Posted on: Sunday, October 5, 2003

Companies display new openness to gay workers

By Renee Ruble
Associated Press

MINNEAPOLIS — When 600 gay and lesbian professionals gathered last week for an annual conference, they had company — Best Buy, IBM, Target and other major corporations pitching themselves as fair, open, inviting places to work.

"Some of these companies I shop at every day. I didn't realize they were as open," said Carlos Trevino, who arrived from Dallas for the opening of the Out & Equal Workplace Summit.

Trevino's employer, J.P. Morgan Chase & Co., was one of 60 companies that sent representatives to the three-day conference for gay, lesbian, bisexual and transgendered workers, passing out free pens and flying discs to attendees from across the country.

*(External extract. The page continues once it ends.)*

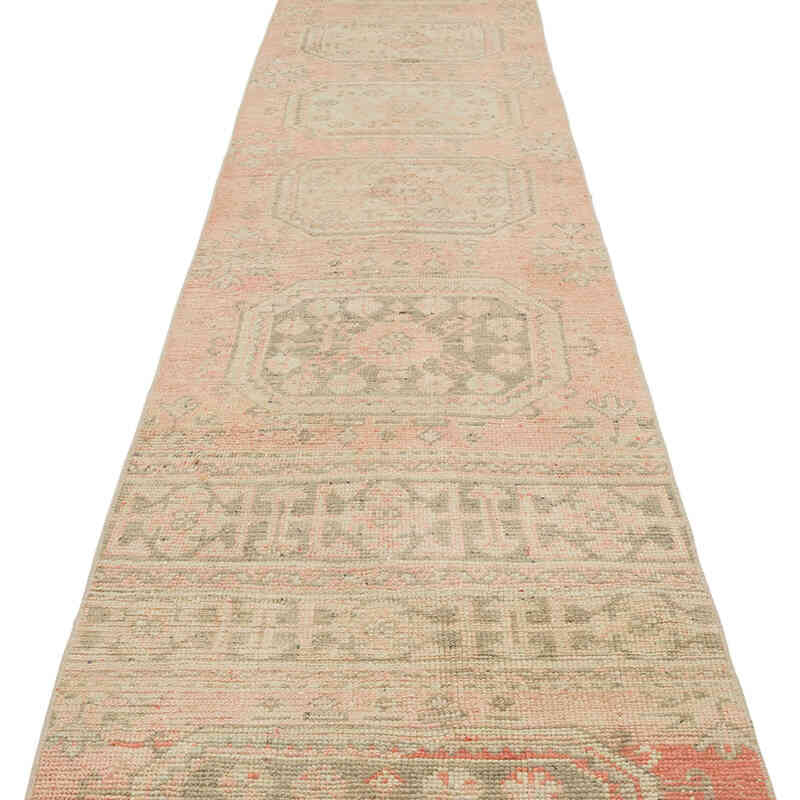 Vintage Anadolu Yolluk - 76 cm x 678 cm - K0079306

Many cited improvements in work environments for gays, including company domestic partner benefit forms that increasingly list a "significant other" option, and employers whose senior executives serve on diversity boards.

Many attendees said just the presence of companies including Honeywell, Deutsche Bank, Motorola and DaimlerChrysler at the conference was a big step forward, but they also acknowledged critical shortcomings.

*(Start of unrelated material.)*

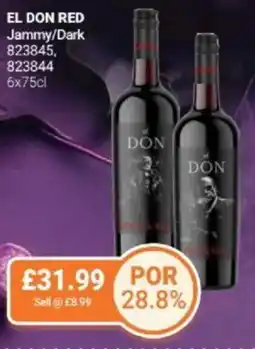 Bestway EL DON RED Jammy/Dark offer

Candi Wallace, who works for Cargill Inc. in the Twin Cities, said gay workers face small challenges — like being allowed to hang a partner's picture on a cubicle wall — as well as larger ones like same-sex health benefits. Cargill does not offer such benefits.

Nearly two-thirds of Fortune 500 companies include sexual orientation in their nondiscrimination policies, according to an August study by the Human Rights Campaign Foundation. Seventy-one percent of the companies surveyed advertised to the gay community, up from 61 percent in 2002.

The report looked at 250 companies from the Fortune 500 and Forbes 200 lists.